Thursday, May 19, 2005

NV update

In my exhaustion last night I forgot to mention the lineup for NV nightclub this weekend. If you're going, '80s one hit-wonder Shannon ("Let the Music Play") will perform Friday, and DJ Robert Rodriguez will spin high-energy dance music on Saturday. Big hair and thongs requested for Friday, but I say rock 'em Saturday too.

The force is with you

(TONYA JAMESON, Charlotte Observer)
You were supposed to be the chosen one! Star Wars fan ready for the final installment at Birkdale Village on Wednesday.

I had the lamest crowd at Star Wars tonight. Cinema 8 at Birkdale Village was as quiet as a library when the opening line (Long ago, blah, blah) flashed on the screen. At Regal Stonecrest, where my roommate saw the movie, he said people cheered as soon as the blue words appeared on the screen. And fans got even rowdier when R2-D2 was putting the smackdown on a couple of droid bullies. Another friend called from Chicago and said there was a light saber battle in his cinema. Next time, I'll screen hop.

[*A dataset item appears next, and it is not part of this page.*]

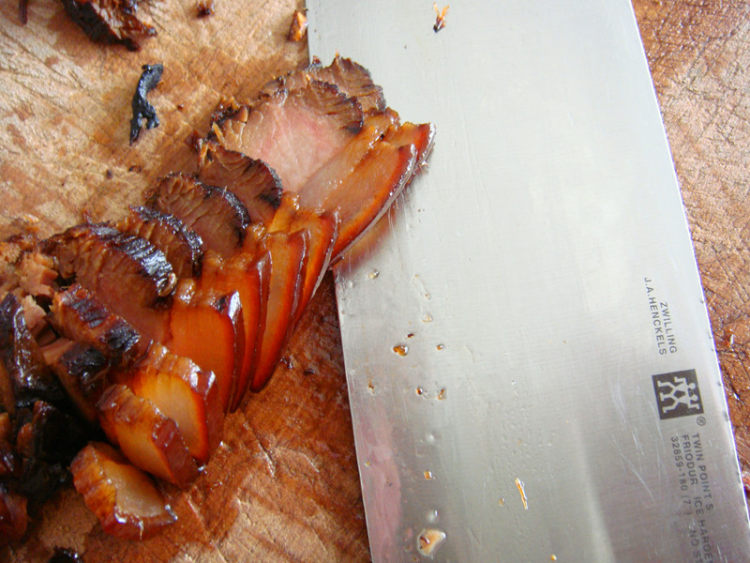 腊肉片炒蒜苔步骤3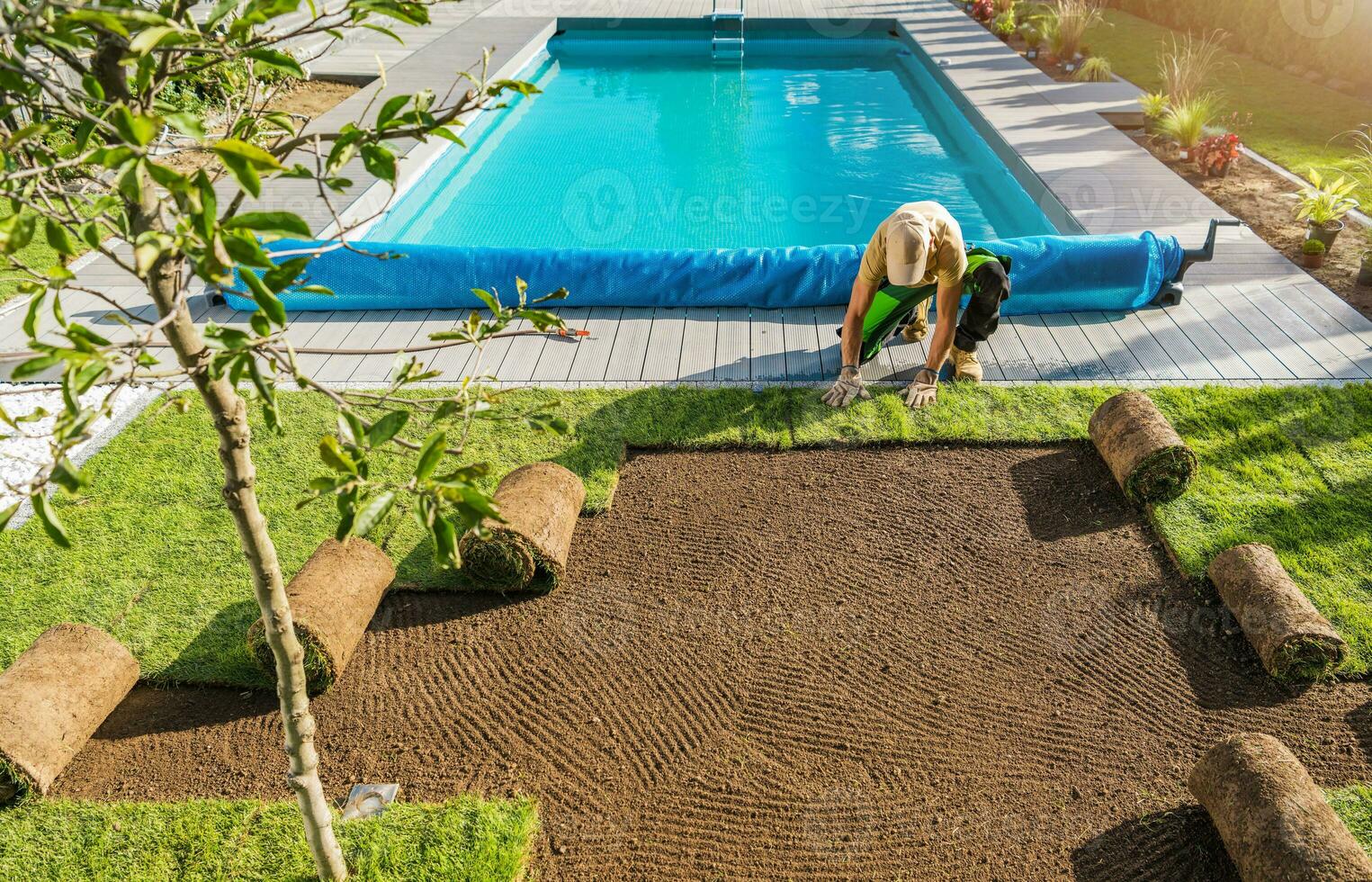 jardinier installation rouleau en dehors pelouse suivant à bassin photo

"Revenge of the Sith" is the best of the three prequels. It's as good as "Return of the Jedi," my least favorite of the originals. It takes "Sith" way too long to show what I really wanted to see: Anakin Skywalker embrace the dark side, fight Obi-Wan Kenobi and become the man in black. During Skywalker's journey to evil I noticed plenty of similarities between the power hungry jedi and President Bush, as well as the United States and the Republic. (More on that in a later arts column.) When Anakin and Obi-Wan were spanking the bad guys the movie flowed well. It sputtered with stilted dialogue and Yoda's gibberish. Talking backwards does not wise one make. Oh, and pay attention to Chancellor Palpatine. He gets way too much of a rush being around Anakin when the dark side of the force is working its mojo.

Look me up tomorrow. I'll give you the scoop on the grand opening of Rick's Cabaret, formerly Club 2000.

What's to envy?

trapeze artist
(TONYA JAMESON, Charlotte Observer)
Cirque de Cornelius: The trapeze artist above the bar drew plenty of stares at Club NV on Wednesday.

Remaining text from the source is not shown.